Um dia, alguém me disse que, quando não se consegue pensar, o melhor é sentir. E eu, que gostaria de ter parado, de ter visto e de ter sentido o ambiente, não o podia fazer. Talvez, entre o atrevimento e o medo, tivesse gostado de falar com algum deles, mas também me pareceu ultrajante colocar-lhes semelhante questão, como se tivesse eu a norma do que lhes é ou não permitido pensar ou esperar.
E assim andei vários dias, a avistar de manhã, a observar à tarde. Na minha mente as frases do Saramago: se puderes olhar, vê. Se puderes ver, repara. E eu olhava, quase via, mas não reparava.
E então, casualmente, lembrei-me dum artigo que li há muito, sobre as pessoas que decoram o seu local de trabalho com bens pessoais: fotos, lembranças, ofertas. Na sua génese está um de dois significados: ou a pessoa se sente tão bem no local que este surge como prolongamento do seu lar, ou, a contrário, não se sentindo confortável, procura amenizar o desalento com o que faz parte da sua vida privada.
E por essa via de pensamento, talvez não seja uma ousadia ou uma desfaçatez, como pensei a princípio (mea culpa), ir além da busca dos bens essenciais que não têm e procurarem um pouco de luz natalícia.
Acaba quase por ser indiferente se a rua é a sua escolha consciente (é sabido que há pessoas que não querem ser institucionalizadas), ou se se acomodaram ao facto, ou mesmo se ainda têm vontade de ver a sua vida melhorar. O que é comum a todos estes pensares, é um bem talvez tão ou mais essencial, que é celebrarem a sua humanidade.
Talvez o facto de algo mudar no meio em que habitam (?) não seja senão a vontade de acreditar na possibilidade da renovação da vida, de forma católica ou nem por isso. Poderá também ser uma necessidade de se sentirem parte integrante duma sociedade onde, entre mal e pior, ainda coexistem.

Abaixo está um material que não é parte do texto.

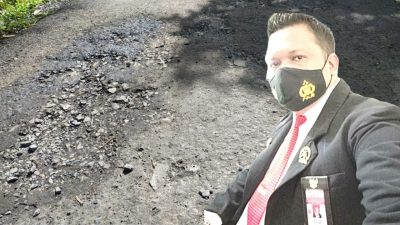 Diduga Pekerjaan Samisade Desa Tegal Cigudeg Jauh Dari Spek, Terlihat Belum Setahun Jalan Sudah Rusak Kembali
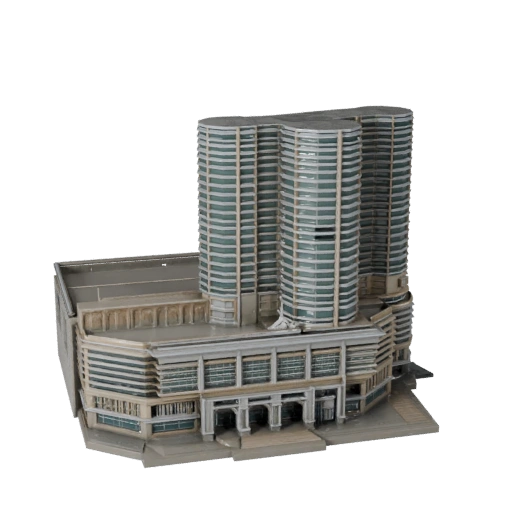 Modelo 3D Estilizado de las Torres Petronas - Activo para Juegos de Arquitectura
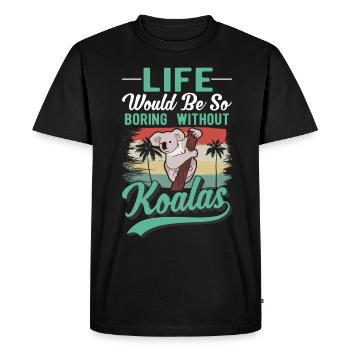 Koala Lover Koala Bear - Men's Premium Organic T-Shirt - black - Front - Nico (187cm)
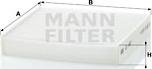 Mann-Filter CU 1827 - Filtro, Aria abitacolo www.autoricambit.com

Ou talvez possa ainda ser uma forma de diferenciarem os seus dias e, dar-lhes significado.
O ritual da decoração natalícia é, mesmo para muitos de nós que têm uma casa, uma cama e comida na mesa, uma necessidade espiritual, ou, arrisco a dizer, emocional. O sentido de pertença a uma comunidade, o reviver de felicidades passadas, o dar compasso e significado a um espaço temporal e mesmo a uma vida, tudo isso é propiciado pela repetição dum acto a que atribuímos, de forma velada, ou não um simbolismo. É esperança, é fé.
Por isso, agora, quando passo, porque não resisto a fazê-lo, olho para aqueles 3 homens que – e agora sim, uso sem pejo a palavra – OUSARAM ir além do material que não têm, e mantêm a resiliência de permanecerem humanos. Apesar de.